В «Ветре» Пастернак охватил весь путь поэта: шахматовс- 
кий период, второй и третий том, «Двенадцать». Мотивы второго тома блоковской лирики включаются в образную структуру «Ветра»: «Сеть речных излук» (Блок, 2, 10), «Резучую 
гущу излук» (Пастернак, 2, 99).
Нет счета небесным порезам,
Предвестникам бурь и невзгод,
И пахнет водой и железом 
И ржавчиной воздух болот
(2, 100)
— этот цвет и запах болотного мира вызывает в памяти «ржавую воду», «ржавчину волны», «ржавый воздух», «ржавые кочки и пни» цикла «Пузыри земли» и поэмы «Ночная фиалка».

«Ветер» — единственный цикл книги стихов «Когда разгуляется». Очевидная склонность Пастернака к циклизации 
лирики, во многом идущая от художественного опыта Блока, 
подчеркивает ключевое значение «Ветра» в книге. При внимательном прочтении становится очевидным, что блоковские 
мотивы пронизывают «Когда разгуляется». Отзвуки «Итальянских стихов» («Равенна») находим в стихотворениях «Ночь» 
и «Трава и камни». Отдельными вкраплениями в пастерна- 
ковской палитре появляется лиловый цвет — блоковский и 
врубелевский. Обращают на себя внимание блоковские ассоциации в связи с образом лирического героя книги Пастернака: образ двойника («Июль», «Вакханалия»); образ чердака и 
«чердачного» жителя («Перемена», «Ночь»). При этом окрашенные тревожными предчувствиями и безнадежностью образы лирики Блока попадают в светлую праздничную «именинную» атмосферу игры.

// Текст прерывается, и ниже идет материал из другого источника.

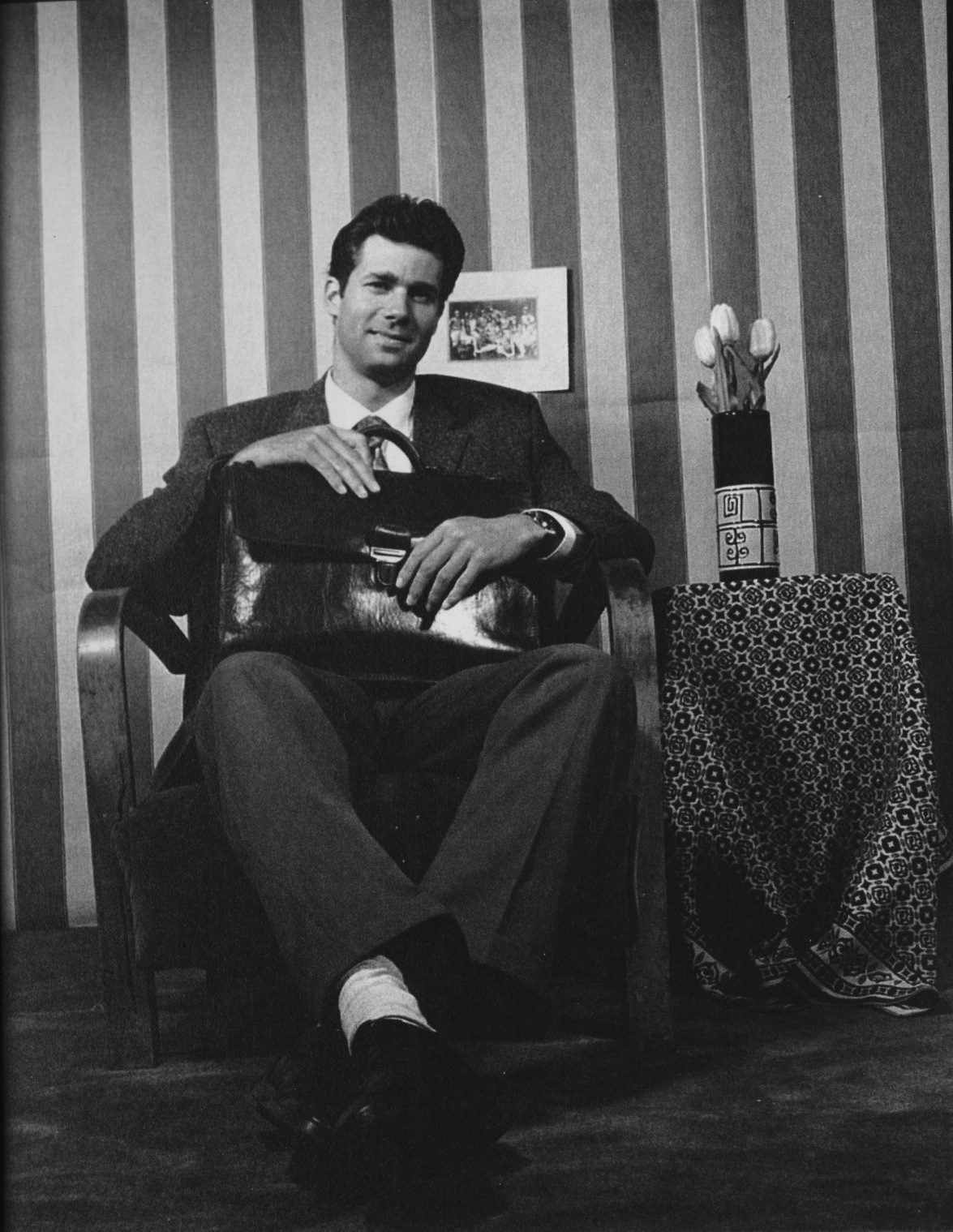 passante devant un décor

Подлинное творчество, с точки зрения Пастернака, всегда 
победа над смертью. Ярко отразилось такое понимание лирики Блока в романе «Доктор Живаго»: «Вдруг Юра подумал, 
что Блок — это явление Рождества во всех областях русской 
жизни, в северном городском быту и в новейшей литературе, 
под звездным небом современной улицы и вокруг зажженной 
елки в гостиной нынешнего века. Он подумал, что никакой 
статьи о Блоке не надо, а просто надо написать русское поклонение волхвов, как у голландцев, с морозами, волками и 
темным еловым лесом» (3, 82).
Пастернак воспринимал творчество и судьбу Блока как образец исполнения поэтом своего предназначения. В набросках предполагаемой статьи о Блоке Пастернак указал на «полное и инстинктивное созвучье» Блока его современности. 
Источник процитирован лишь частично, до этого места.